Die „Pfälzer“, auch evangelische Mennonitengemeinden genannt, betrieben eine nicht weniger progressive Wirtschaftsweise und waren in Lebensstil und Kleidung angepaßter. Als Kolonisten gründeten sie im Donaumoos bei Neuburg/Donau den Ort Maxweiler und hatten dort auch ein Schul- und Bethaus. Ein weiterer Schwerpunkt lag im Dachauer Hinterland, wo sie in räumlicher Nähe z.T. als Großfamilien größere Höfe kauften und sie dann auf ihre Kinder oder Verwandte aufteilten. Sie hatten in Eichstock bei Markt Indersdorf ein Bethaus als ihren Mittelpunkt. Ihre Prediger und Älteste waren Männer aus ihren Reihen. Als die Kolonisten in Maxweiler ihre Anwesen verkauften und nach den USA auswanderten, löste sich die dortige Gemeinde auf, die Gemeinde Eichstock dagegen blieb trotz zahlreicher Abwanderung bis in die Gegenwart hinein bestehen.

Zwischen den Amischen und den „Pfälzern“ gab es anfänglich eher spärliche Beziehungen, in der zweiten Hälfte des 19. Jahrhunderts aber zunehmend auch Ehebündnisse. Die Zahl der Glieder verringerte sich durch Auswanderung nach USA, was dazu führte, daß die Verbliebenen beider Gruppierungen sowie die späteren Zuwanderer aus Franken und Württemberg sich um 1900 im Bereich der Städte Ingolstadt, Regensburg und München zu Gemeinden vereinigten, die bis heute fortbestehen. Aufgrund der Familiennamen läßt sich noch heute auf ihre frühere Herkunft und Gruppenzugehörigkeit schließen.

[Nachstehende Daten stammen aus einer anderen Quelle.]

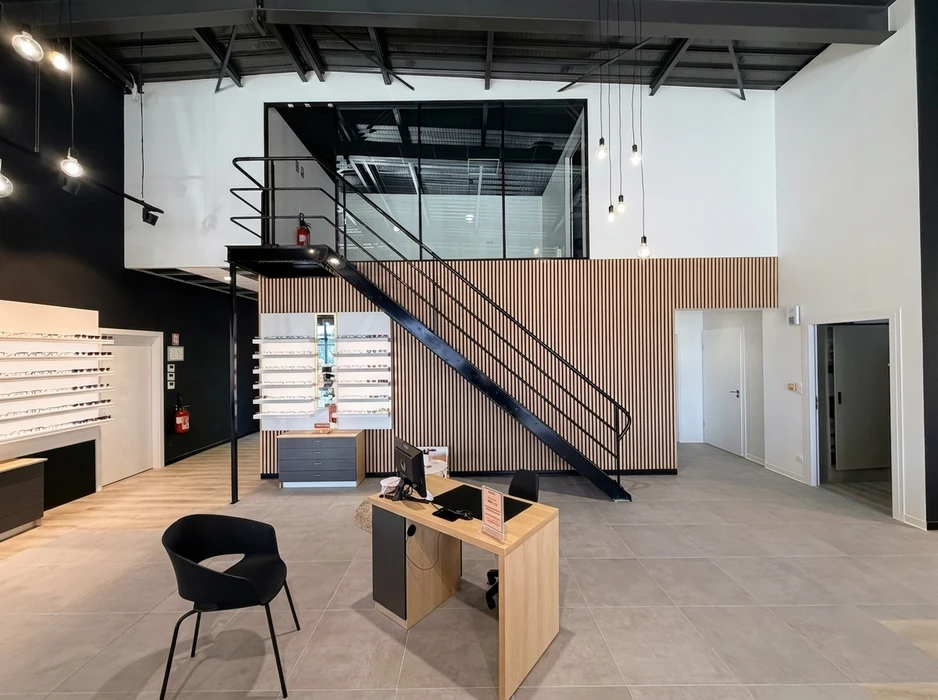 Espace de présentation commercial moderne avec cuisine ouverte équipée d'îlot central, tabourets hauts et grande table de réunion ovale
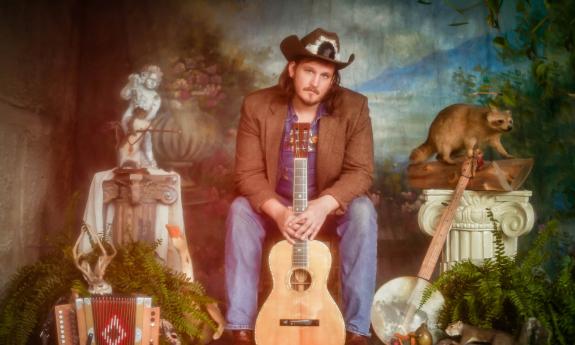 Musician and songwriter Willi Carlisle, seated with props and a colorful backdrop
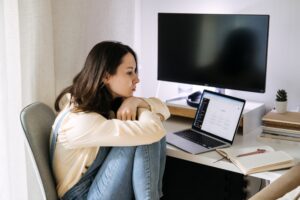 Mulher jovem sentada com o corpo encolhido, reflexiva, em frente ao notebook na tela de inteligência artificial.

Die hier aufbereiteten Dokumente und genealogischen Daten wurden in langfristiger, mühevoller Arbeit von den Verfassern unter Mitarbeit vieler anderer zusammengetragen. Ihnen allen gilt für ihre Mitarbeit unser herzlicher Dank. Wir glauben, daß mit dieser Veröffentlichung manche bisher unbekannten Sachverhalte erhellt werden können. Bei aller Sorgfalt in der Ausarbeitung und Zusammenstellung waren allerdings Unstimmigkeiten nicht auszuschließen. Wir bitten um gebührende Nachsicht und um Hinweise zu auffälligen Unrichtigkeiten.

Wer darüber hinaus an weiterführenden, einschlägigen Veröffentlichungen Interesse hat, dem empfehlen wir das Buch „200 Jahre Mennonitengemeinden in Bayern“, das u.a. zwei umfangreiche Literaturverzeichnisse zur „Geschichte der Täufer in Bayern“ wie auch zur „Geschichte der Mennoniten in Bayern“ beinhaltet. Darüber hinaus bietet die Veröffentlichung „Amische Mennoniten in Bayern“ von Hermann Hage eine systematische Gesamtdarstellung mit einer Fülle von Informationen zur Wirtschafts-, Siedlungs- und Sozialgeschichte.